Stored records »
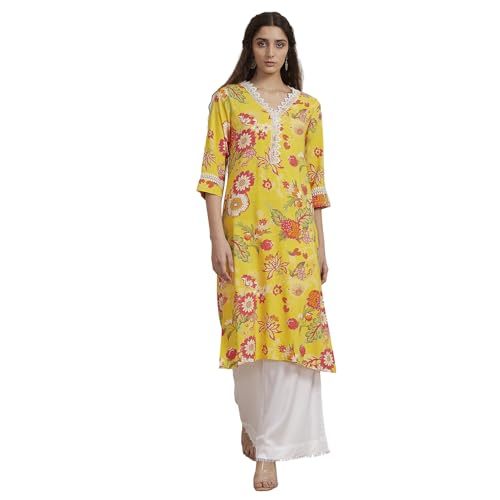 Biba Women Yellow Floral Printed Straight Kurta_46
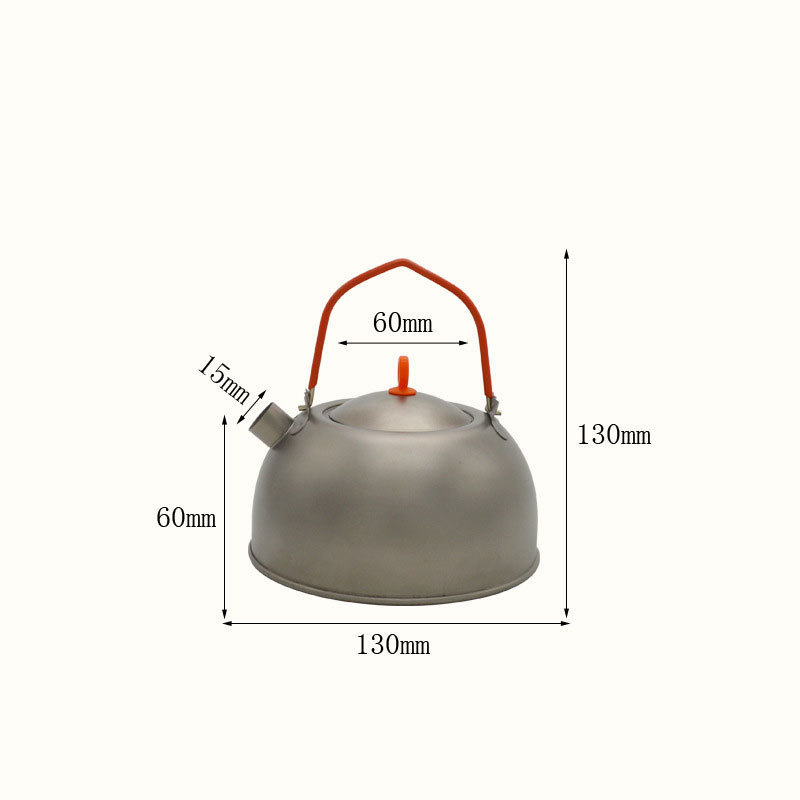 Outdoor Camping Hiking Boiling Water Coffee Tea Pot 600ml Titanium Tea Kettle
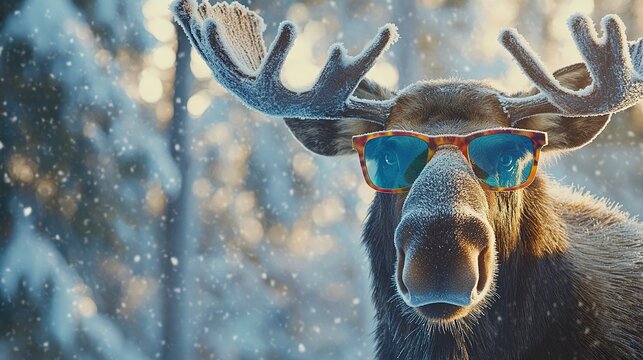 Up-close view of a bull moose sporting vibrant eyeglasses, soft winter sunlight highlights its frosty fur, snowy pine forest blurs in the background, playful and charming atmosphere.  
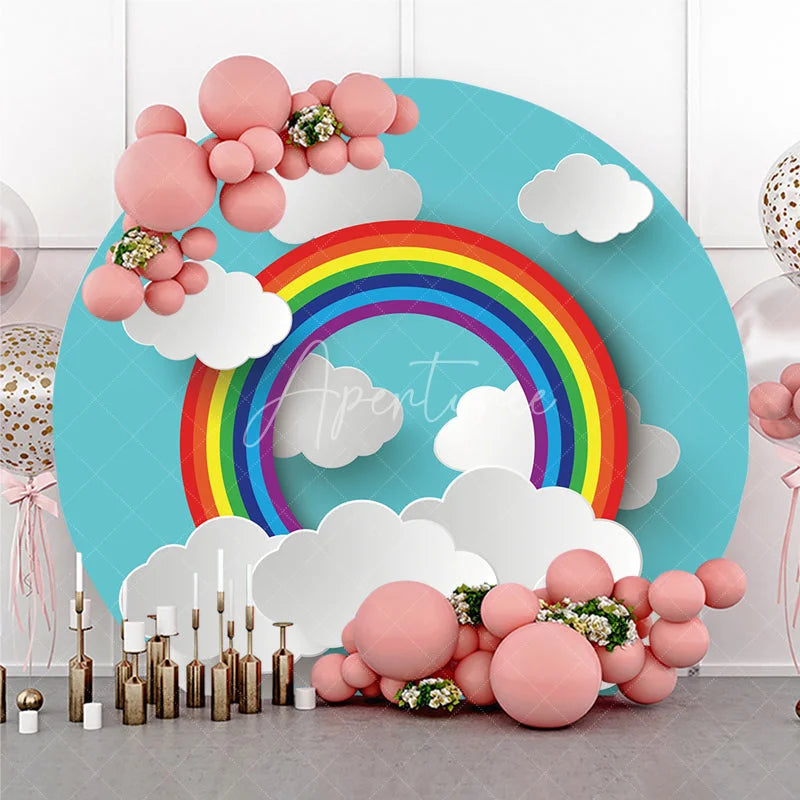 Aperturee - Aperturee Colorful Rainbow and Fluffy Clouds Round Backdrop Vibrant Blue Sky Theme for Baby Shower Birthday Party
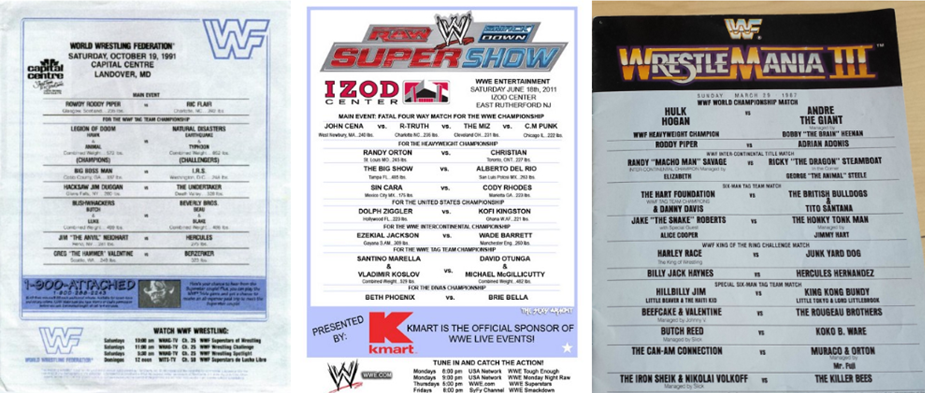Chairshot WWE WWF Old School Event Lineup Cards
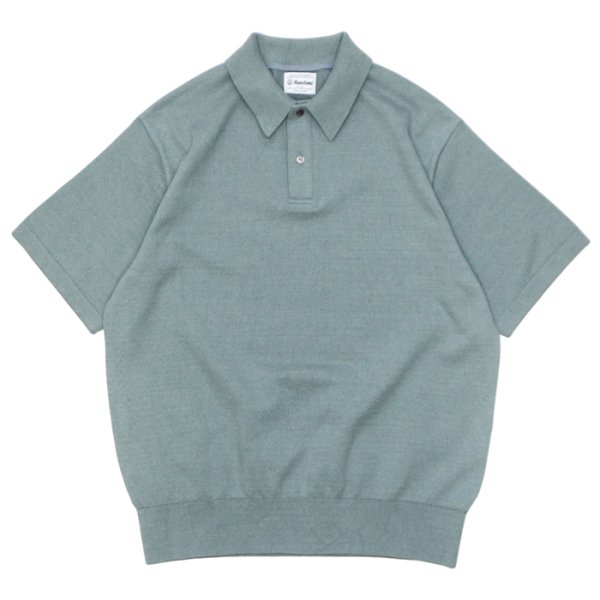 画像2: Yonetomi NEW BASIC（ヨネトミニューベーシック）LIGHT WAVE COTTON KNIT POLO（ライトウェーブコットンニットポロシャツ）/ Black（ブラック）・Gray（グレー） (2)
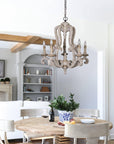 5-Lights Antique Wooden Candle Chandelier - ParrotUncle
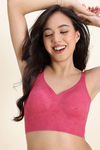 Zivame Freeform Padded Non Wired Full Coverage Lace Bra - Claret Red — thumbnail 5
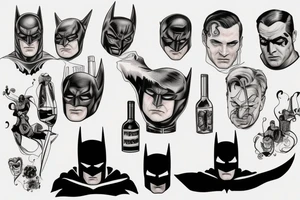 Batman drink wine tattoo idea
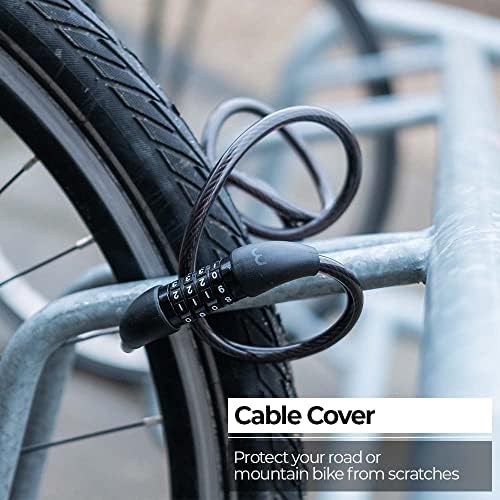 Cycling QuickCode Cable Antivol avec Code | Pour Vélos de Route, VTT et Vélos Urbains | Longueur 120cm | BBL-66, Black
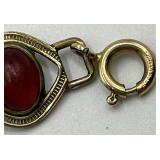 14K Filled Gold Link Bracelet with Red Cabochons - 7 in Length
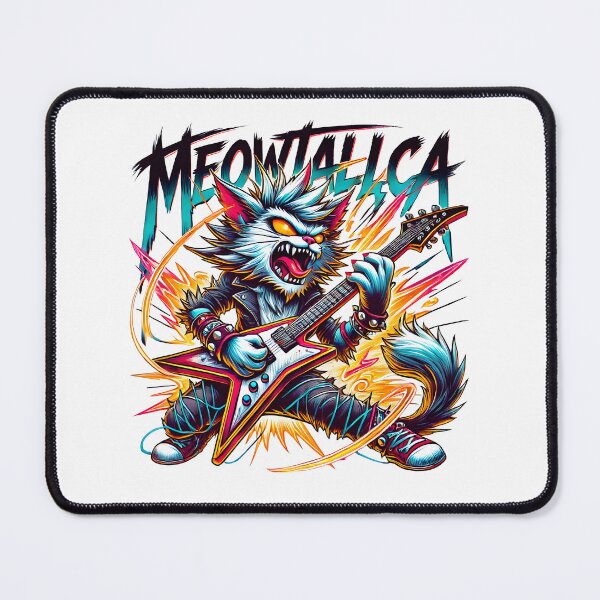 Item preview, funny Meowtallica Rock Star Cat Design designed and sold by DrawHandArt.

Work to complete »
Take the line containing "14K Filled Gold" and every line after it up to the end of the data, and write them out exactly, without the pictures.

Response to the exercise »
 14K Filled Gold Link Bracelet with Red Cabochons - 7 in Length
 Item preview, funny Meowtallica Rock Star Cat Design designed and sold by DrawHandArt.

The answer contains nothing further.